[Opening Supplied material section]
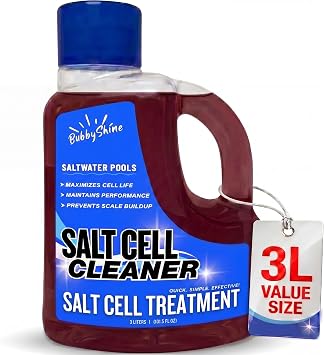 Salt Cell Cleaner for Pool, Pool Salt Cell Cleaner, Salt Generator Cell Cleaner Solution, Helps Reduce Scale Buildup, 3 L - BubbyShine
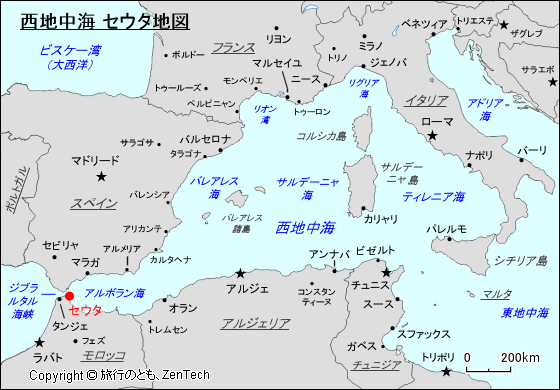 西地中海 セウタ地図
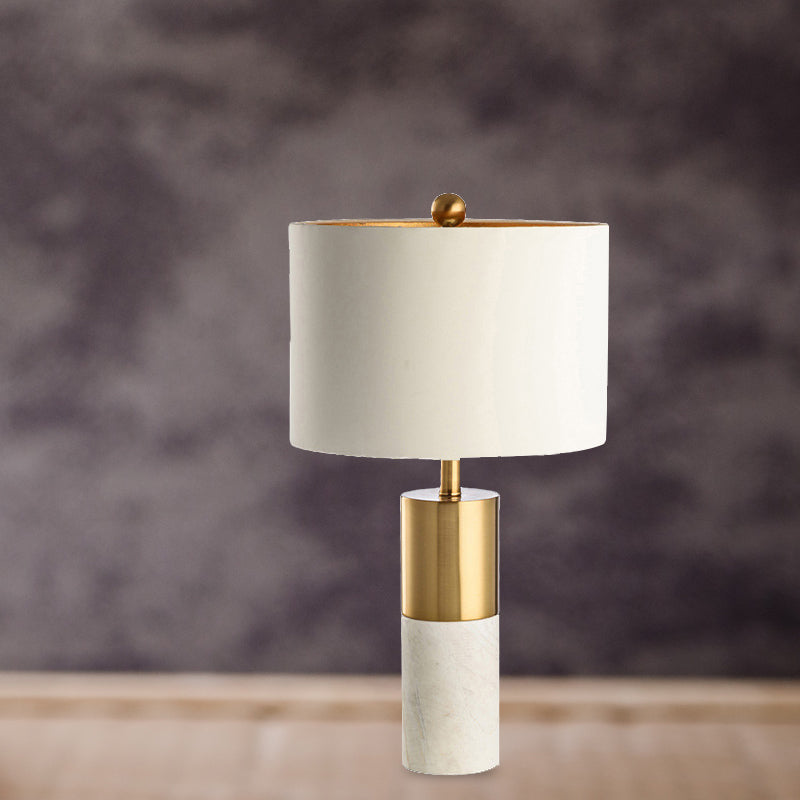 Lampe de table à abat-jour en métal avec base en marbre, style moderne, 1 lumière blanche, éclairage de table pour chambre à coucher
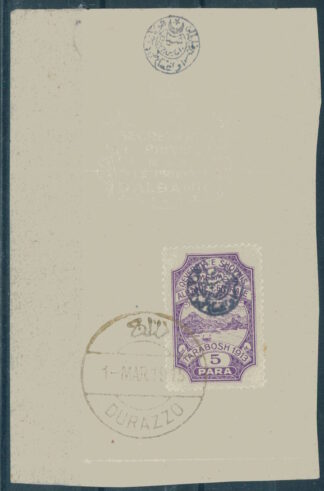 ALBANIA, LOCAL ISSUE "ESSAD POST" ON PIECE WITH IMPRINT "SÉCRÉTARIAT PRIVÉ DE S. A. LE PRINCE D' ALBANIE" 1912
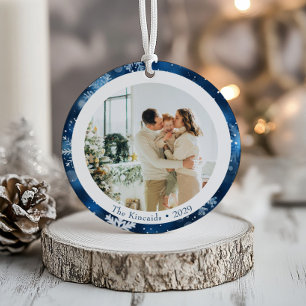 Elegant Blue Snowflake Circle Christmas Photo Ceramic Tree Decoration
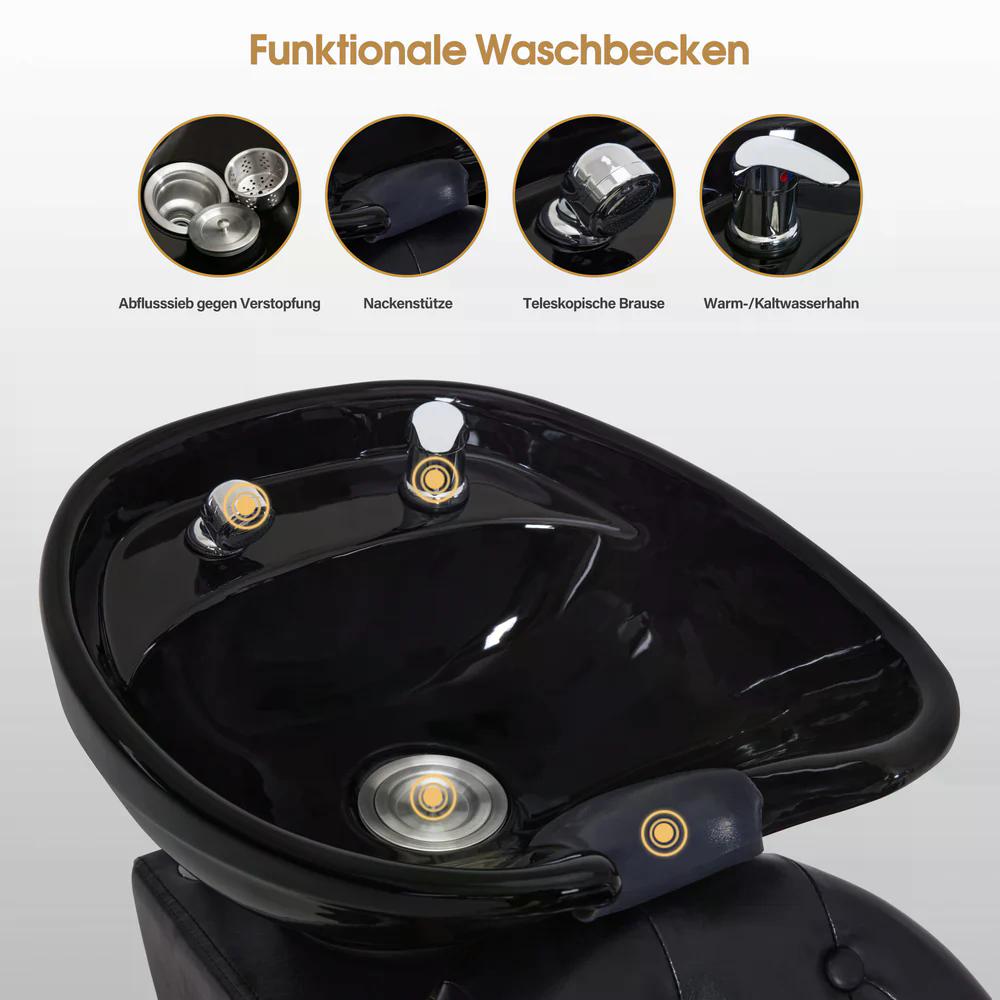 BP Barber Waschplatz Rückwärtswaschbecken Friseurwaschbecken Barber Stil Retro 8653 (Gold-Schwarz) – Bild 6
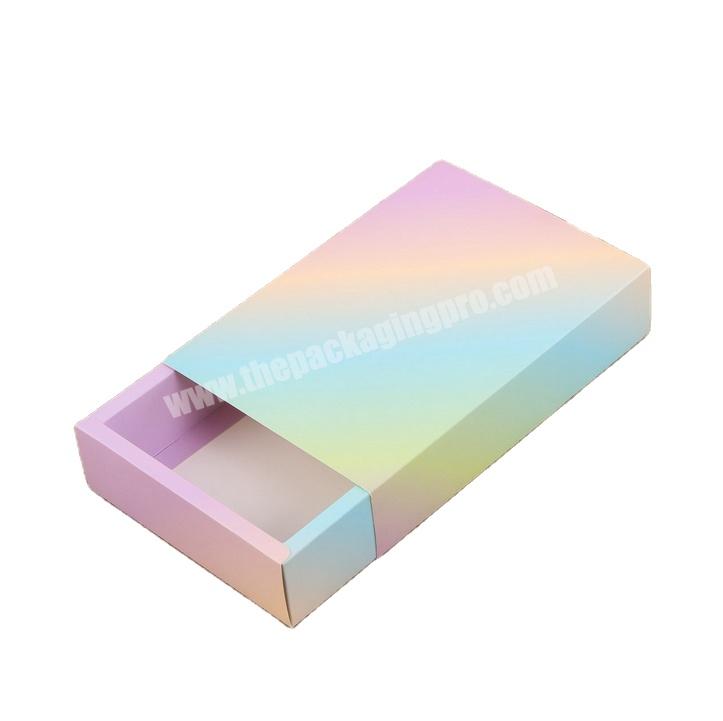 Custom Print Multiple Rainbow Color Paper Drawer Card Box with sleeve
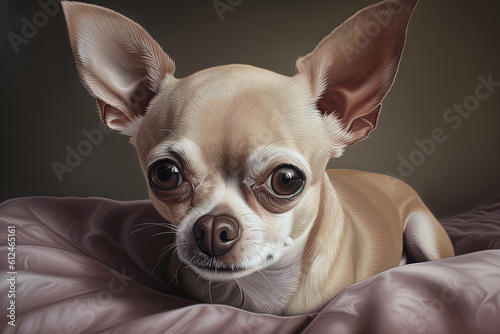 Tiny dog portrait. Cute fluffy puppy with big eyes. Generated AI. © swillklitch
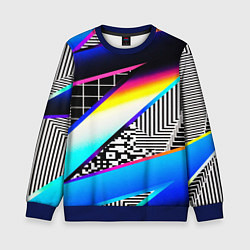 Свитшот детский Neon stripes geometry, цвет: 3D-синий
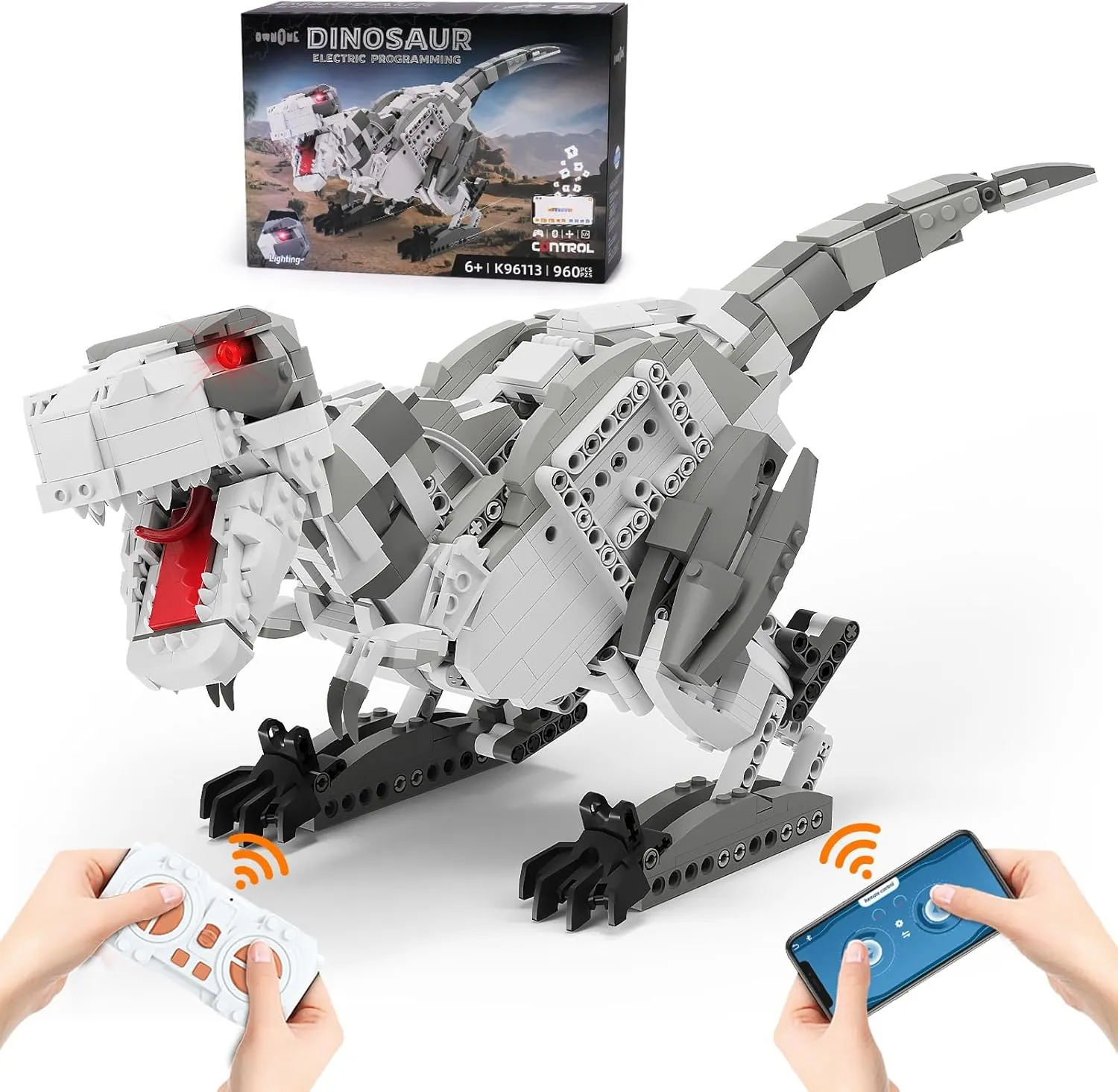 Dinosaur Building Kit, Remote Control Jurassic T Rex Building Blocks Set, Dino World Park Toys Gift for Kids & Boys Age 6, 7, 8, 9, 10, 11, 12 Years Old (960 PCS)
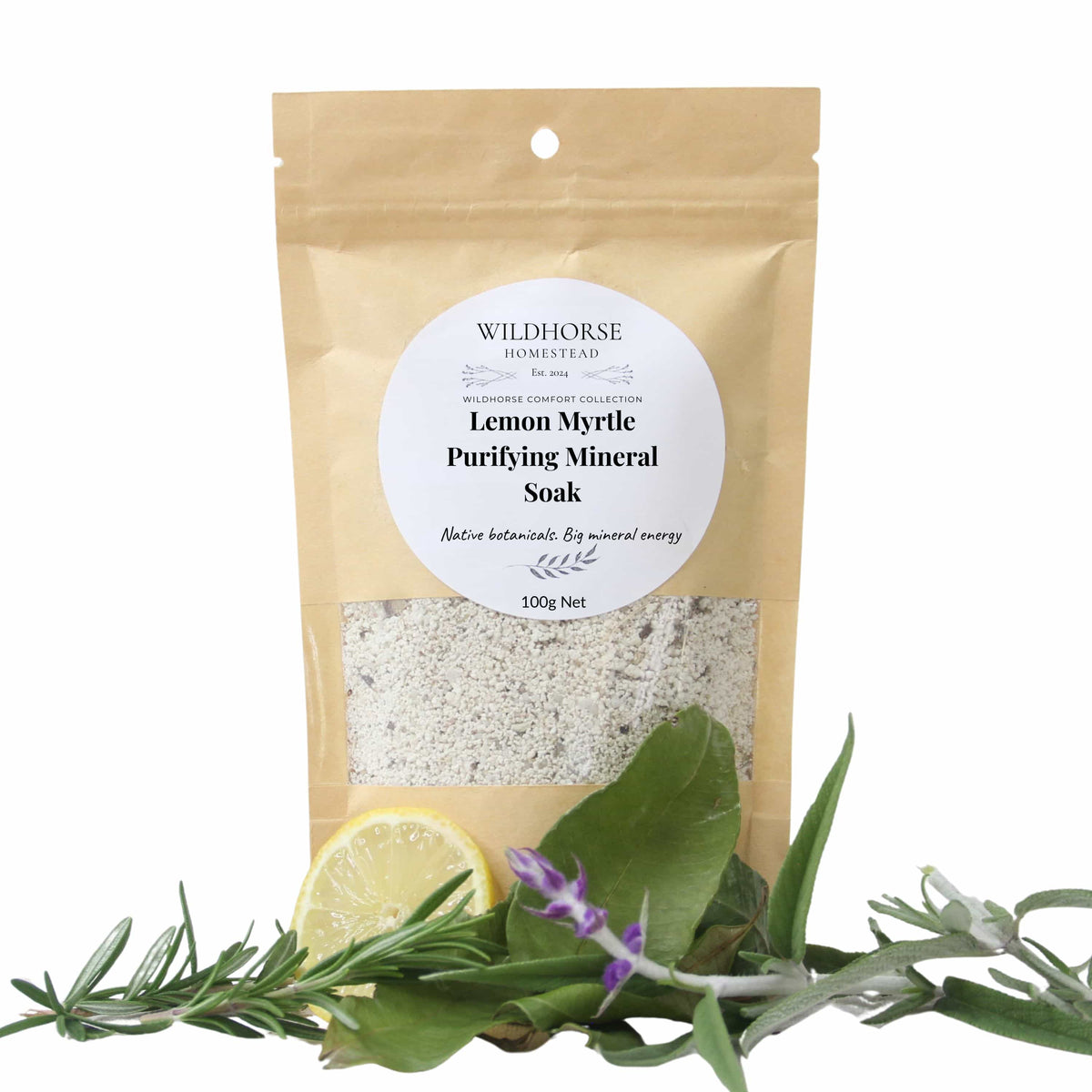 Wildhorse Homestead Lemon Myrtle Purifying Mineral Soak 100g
[Closing Supplied material section]
With the pictures left out, please output each line from the one containing "Tiny dog portrait." through the end of the entries, exactly as it is.

 Tiny dog portrait. Cute fluffy puppy with big eyes. Generated AI. © swillklitch
 Свитшот детский Neon stripes geometry, цвет: 3D-синий
 Dinosaur Building Kit, Remote Control Jurassic T Rex Building Blocks Set, Dino World Park Toys Gift for Kids & Boys Age 6, 7, 8, 9, 10, 11, 12 Years Old (960 PCS)
 Wildhorse Homestead Lemon Myrtle Purifying Mineral Soak 100g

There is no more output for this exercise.